Something I’m confused by is that an exception isn’t thrown when “G” isn’t specified. [DateTime]::MinValue.ToString([System.Globalization.CultureInfo]::CreateSpecificCulture("ar"))

Why the difference in behavior?

Okay, let's look at a simple repro of this.

Simple repro:

    public static void Main() {
        Thread.CurrentThread.CurrentCulture = CultureInfo.CreateSpecificCulture("ar");
        Console.WriteLine(DateTime.MinValue.ToString("G", CultureInfo.CreateSpecificCulture("ar")));

Either of those last two lines in red will throw:

Unhandled Exception: System.ArgumentOutOfRangeException: Specified time is not supported in this calendar. It should be between 04/30/1900 00:00:00 (Gregorian date) and 05/13/2029 23:59:59 (Gregorian date), inclusive.
Parameter name: time
   at System.Globalization.UmAlQuraCalendar.CheckTicksRange(Int64 ticks)
   at System.Globalization.UmAlQuraCalendar.GetDatePart(DateTime time, Int32 part)
   at System.DateTimeFormat.FormatCustomized(DateTime dateTime, String format, DateTimeFormatInfo dtfi, TimeSpan offset)
   at System.DateTimeFormat.Format(DateTime dateTime, String format, DateTimeFormatInfo dtfi, TimeSpan offset)
   at System.DateTime.ToString(String format)
   at Test.Main()

Now this question is specifically made interesting by the doc topic quoted, which mentions:

The value of the current DateTime object is formatted using the general date and time format specifier ('G').

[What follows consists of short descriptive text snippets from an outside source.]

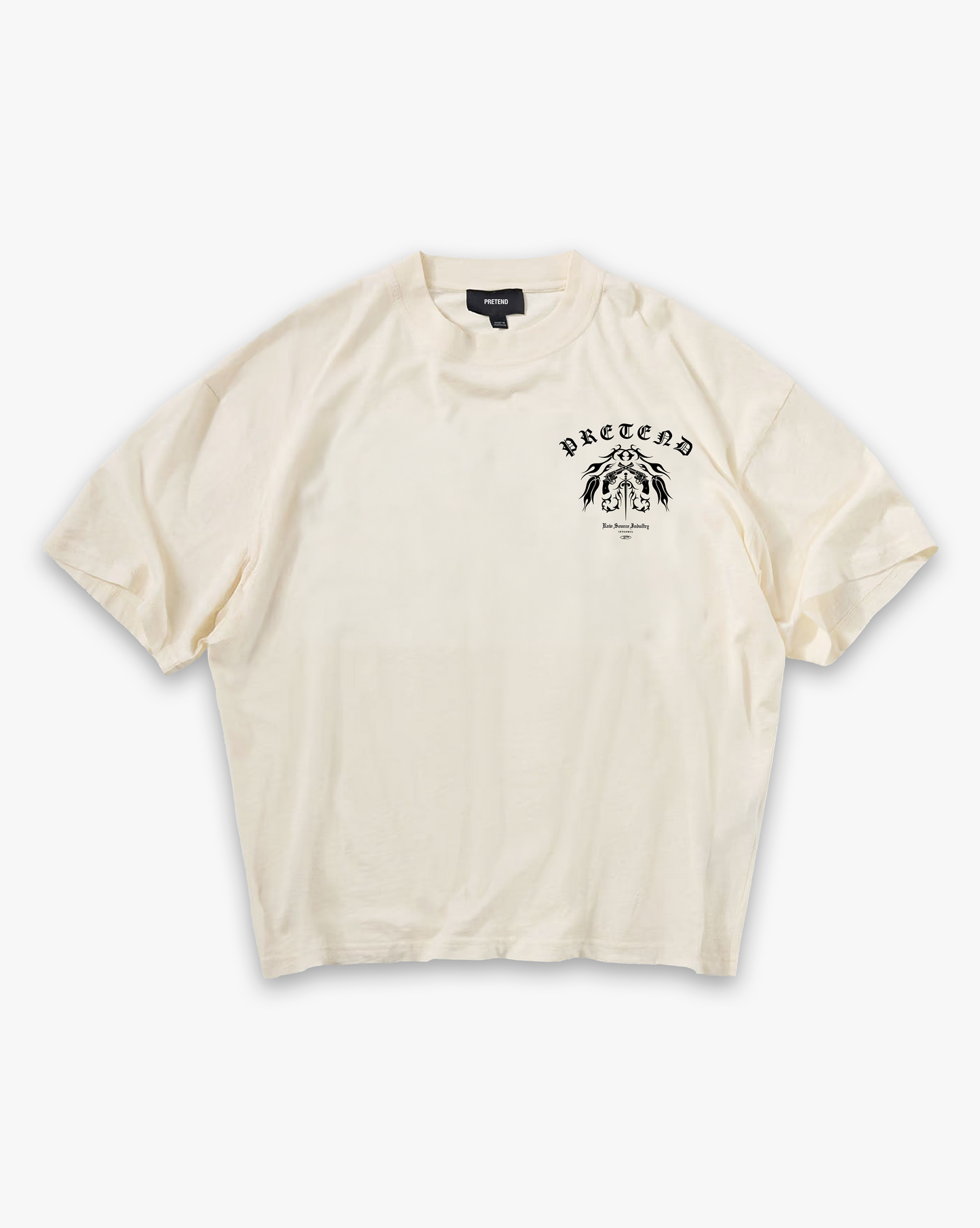 PRETEND MAFIA TEE - BUTTERCREAM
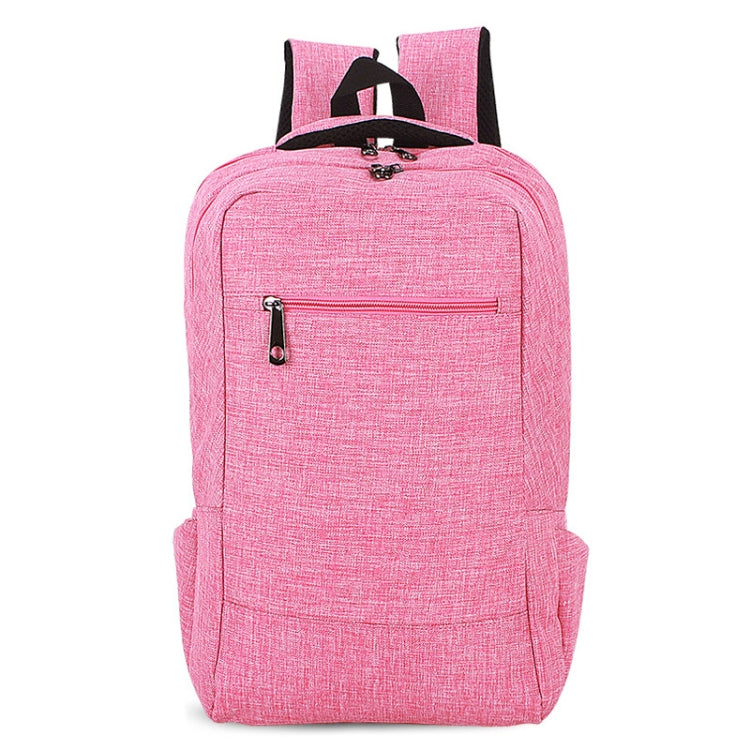 Afbeelding van Universal Multi-Function Canvas Cloth Laptop Computer Shoulders Bag Business Backpack Students Bag, Size: 43x28x12cm, For 15.6 inch and Below Macbook, Samsung, Lenovo, Sony, DELL Alienware, CHUWI, ASUS, HP(Magenta)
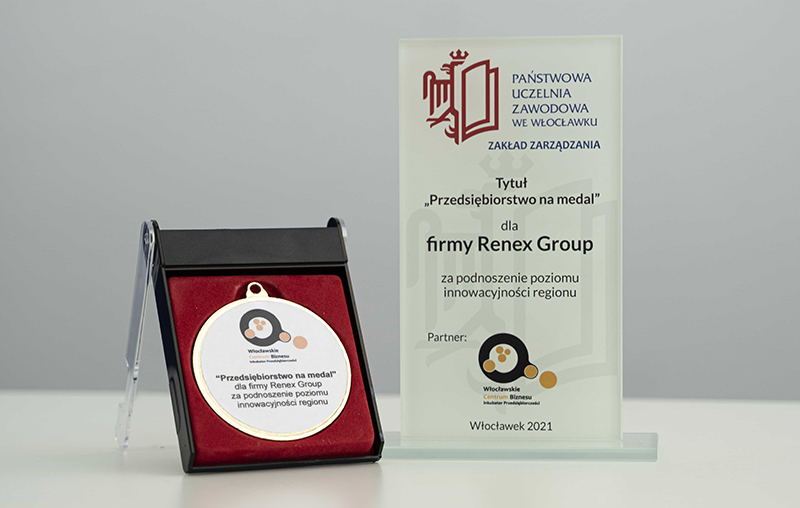 Nagroda dla Grupy RENEX w plebiscycie „Przedsiębiorstwo na Medal”
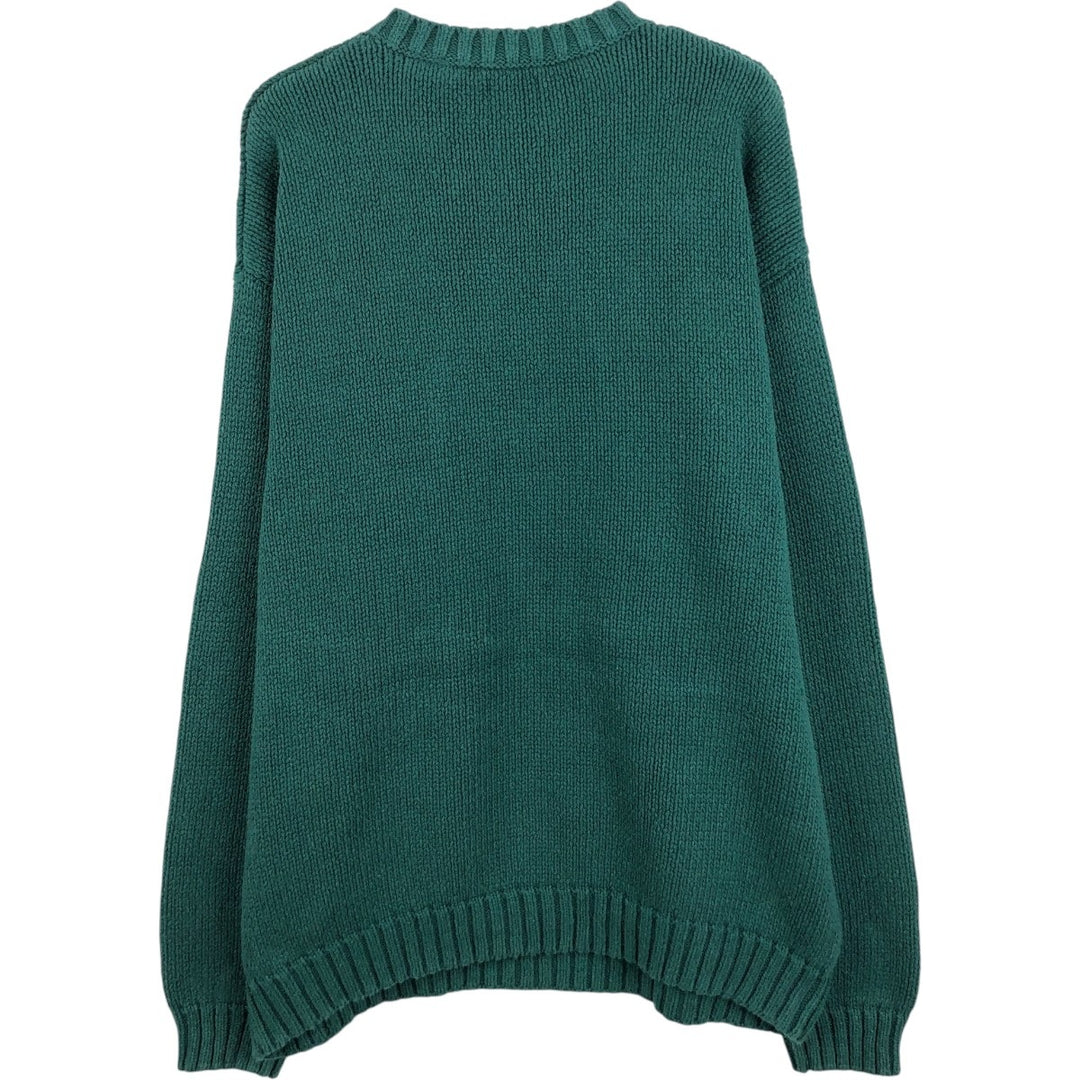 90'S GAP Vintage Ribbed Cotton Knit Sweater, Men's XL cotton green type Vintage Second Hand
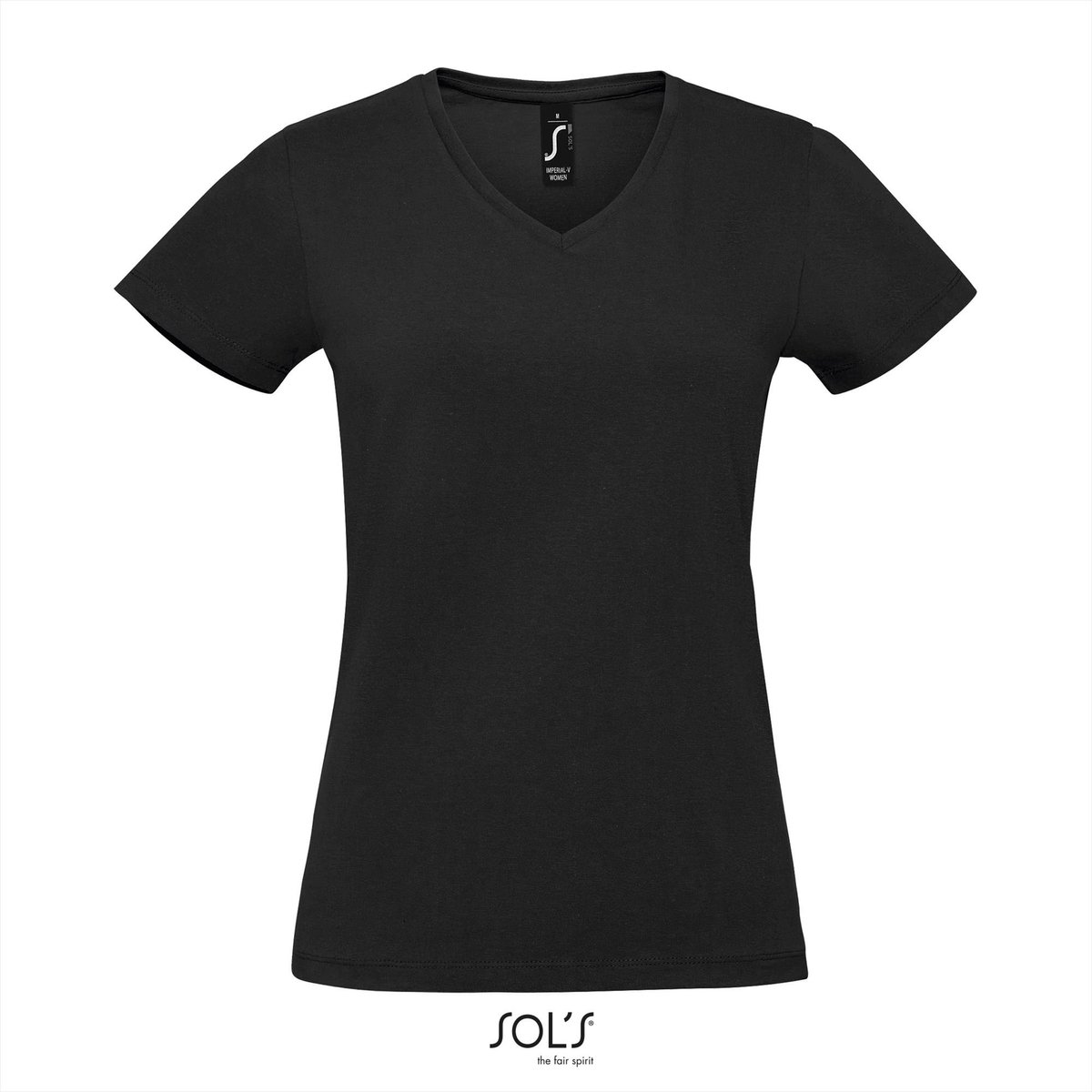 SOL'S Women´s Imperial V-Neck T-Shirt L02941 - Deep Black - S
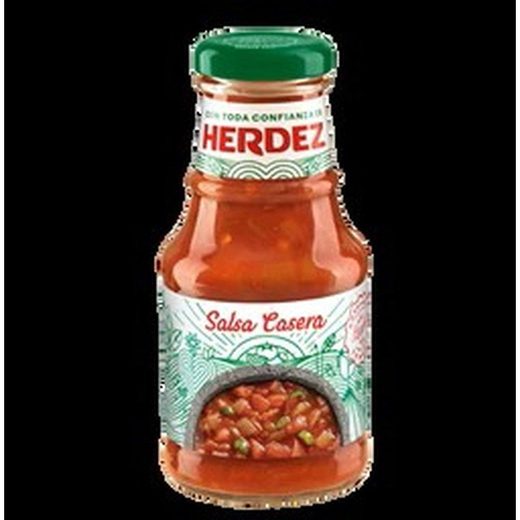 Herdez Salsas — Salsa Casera Glass — 12 x 453g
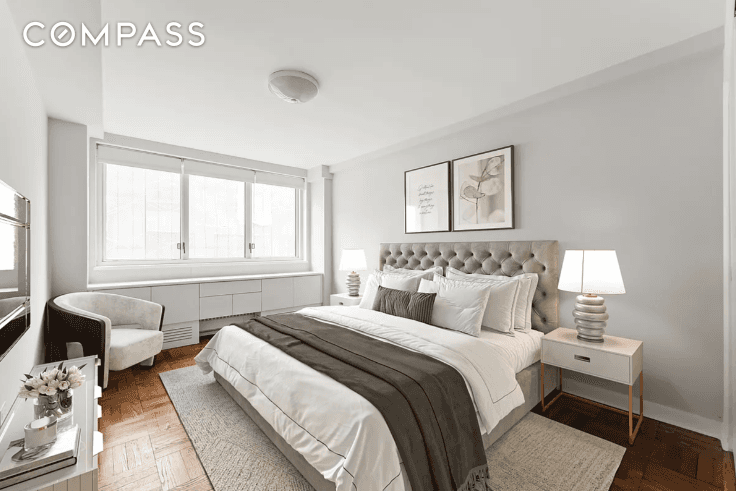 Apartment 11B is a spacious 1 bedroom, 1 bathroom residence that offers a comfortable and well appointed living space.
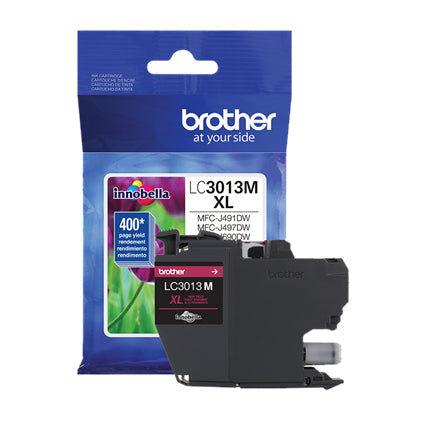 Brother Genuine High-Yield Magenta Ink Cartridge, 400 Pages - LC3013M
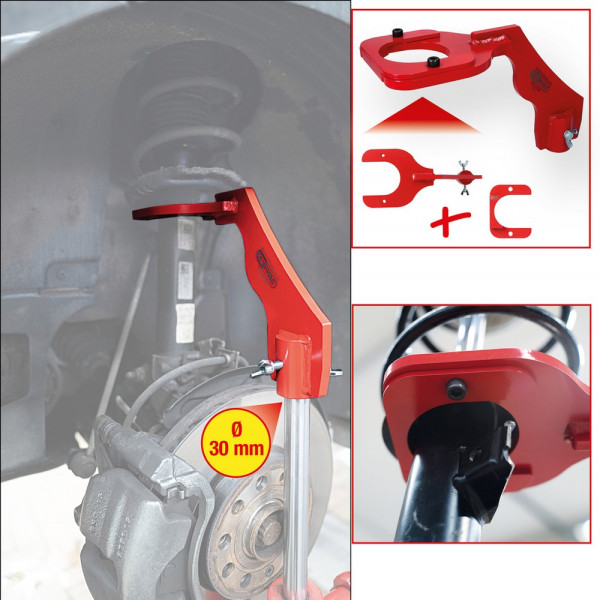 KS TOOLS McPherson Federbeinstütze für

This method uses formatting information derived from the current culture. In particular, it combines the custom format strings returned by the ShortDatePattern and LongTimePattern properties of the DateTimeFormatInfo object returned by the Thread.CurrentThread.CurrentCulture.DateTimeFormat property. For more information, see CultureInfo.CurrentCulture. Other overloads of the ToString method enable you to specify the culture whose formatting to use and to define the output pattern of the DateTime value.

Perhaps if I gave the output of that code above an additional clue would come out of it all, interspersed with the code that caused it:

        1/1/0001 12:00:00 AM


Thread.CurrentThread.CurrentCulture = CultureInfo.CreateSpecificCulture("ar");


Console.WriteLine(DateTime.MinValue.ToString("G", CultureInfo.CreateSpecificCulture("ar")));

Okay, so the doc claims related to the current culture are very misleading here, as are the claims that the "G" format is used by default (since it does "G"-like things but does not throw in a case where an explicit "G" does.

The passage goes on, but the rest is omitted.